Research came out about Gen Z spending habits. 86% of them admit they overspend on live events. Some are paying $3,000 for a single Taylor Swift ticket! Not just rich kids. Regular people. College students. Young professionals who blow their rent money to see a concert.
And parents are justifying it. They call it an "investment in memories." They're framing it as family bonding. They're treating a three-hour concert like a rite of passage.
The psychology behind it is fascinating. It's actually NOT all about the music. It's about FOMO. Yes, her songs are catchy. But a concert (not just hers) is about belonging to a cultural moment. It's about being part of something bigger than yourself. It's about the status of saying "I was there."
Gen Z values experiences over things. (That ALONE is a lesson you can run with!) A concert ticket isn't just entertainment. It's social capital. It's identity. It's proof they showed up for something that mattered.
Here's the part that made me think: Parents who hesitate to spend $500 on dance lessons will drop $3,000 on concert tickets without blinking. Because they've framed one as an expense and the other as an experience.
2. The $500 Hesitation

Now let's talk about you.
You'll spend $3,000 on concert tickets. You'll justify a $200 dinner. You'll book the vacation. But when it comes to investing $500 in a workshop, a certification, or coaching that would actually change how you lead, teach, or perform? You hesitate.
You tell yourself “you can't afford it.” You tell yourself you'll do it later. You tell yourself “I’ll figure it out by watching YouTube videos”...
…But here's what's really happening: You’ve categorized professional development as an expense instead of an experience. You convinced yourself that investing in your own growth is somehow indulgent.
Meanwhile, you're stuck. You're hitting the same walls. You're frustrated by the same patterns. You're watching other people advance while you stay where you are.
And the wild part?
Hiring a coach is one of the smartest investments you'll ever make. A good coach doesn't just teach you techniques, they help you see patterns you can't see on your own. They challenge beliefs that keep you stuck. They give you tools and frameworks that compound over time.

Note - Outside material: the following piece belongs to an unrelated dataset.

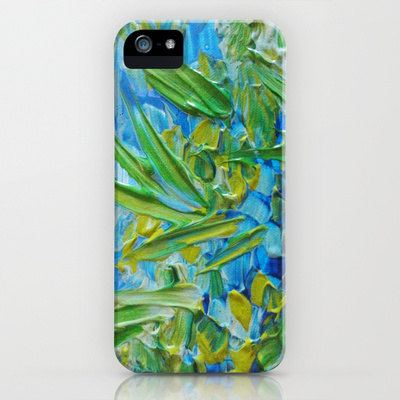 Lake Love, Custom Iphone 4 4s 5 5s Or 5c Case Durable Hard Plastic Phone Cover Fine Art Colorful Blue Green Lagoon Seaweed Abstract Painting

SIDEBAR: I spent over $4,000 USD on my Maxwell Leadership certification. That investment transformed my life. The tools I learned, the refinement of my philosophy, the clarity I gained, it changed everything. And now, those same tools have been instrumental transforming performers and entrepreneurs nationwide! I'm proud of that.
But I almost didn't do it, because $4,000 felt expensive (that’s what, $19K CDN?) Until I reframed it: What's the cost of staying stuck?
3. The Investment vs Expense Test

Here's a framework you can use before spending money on anything: The Investment vs Expense Test. Three questions:
1. Will I have this skill or knowledge in 5 years?
2. Will it make me more valuable, capable, or confident?
3. Can I use it to serve others?
If the answer is yes to all three, it's an investment. If the answer is no to any of them, it's an expense.
Concert ticket: No, no, no. It's gone in three hours. It doesn't make you more capable. And you can't use it to serve anyone else. It's an expense.
Professional development: Yes, yes, yes. The skills compound. You become more valuable. And you can use what you learn to serve your team, your clients, your community. It's an investment.
This framework changes how I make decisions. It's not about being cheap, it's about being strategic. Start asking: Will this move me forward, or just make me feel good for a few minute?
4. Where We Go From Here
If you're a dance teacher or studio owner who knows a tap dancer who wants skills that compound and confidence that lasts, my summer tap intensive is the event they need to be at this summer. Kingston and Airdrie. Three days. 20 spots per location. Hit REPLY and ask me about it.
Run it through the framework yourself: Will they have this skill in 5 years? Yes. Will it make them more capable and confident? Yes! Can they use it to serve others and their dance community? YES. That’s three yeses.
But more than that, ask yourself THIS:
What would change in YOUR life if you stopped treating professional development like an expense, and started treating it like investing in yourself?
The people advancing aren't smarter than you, or more talented. They're just willing to do a (sometimes) hard thing, and invest in experiences that help them.
See you next week!
Shawn B
P.S. The next time you're about to drop serious money on something that won't be there in 5 years, ask yourself: What would happen if I invested this in myself instead?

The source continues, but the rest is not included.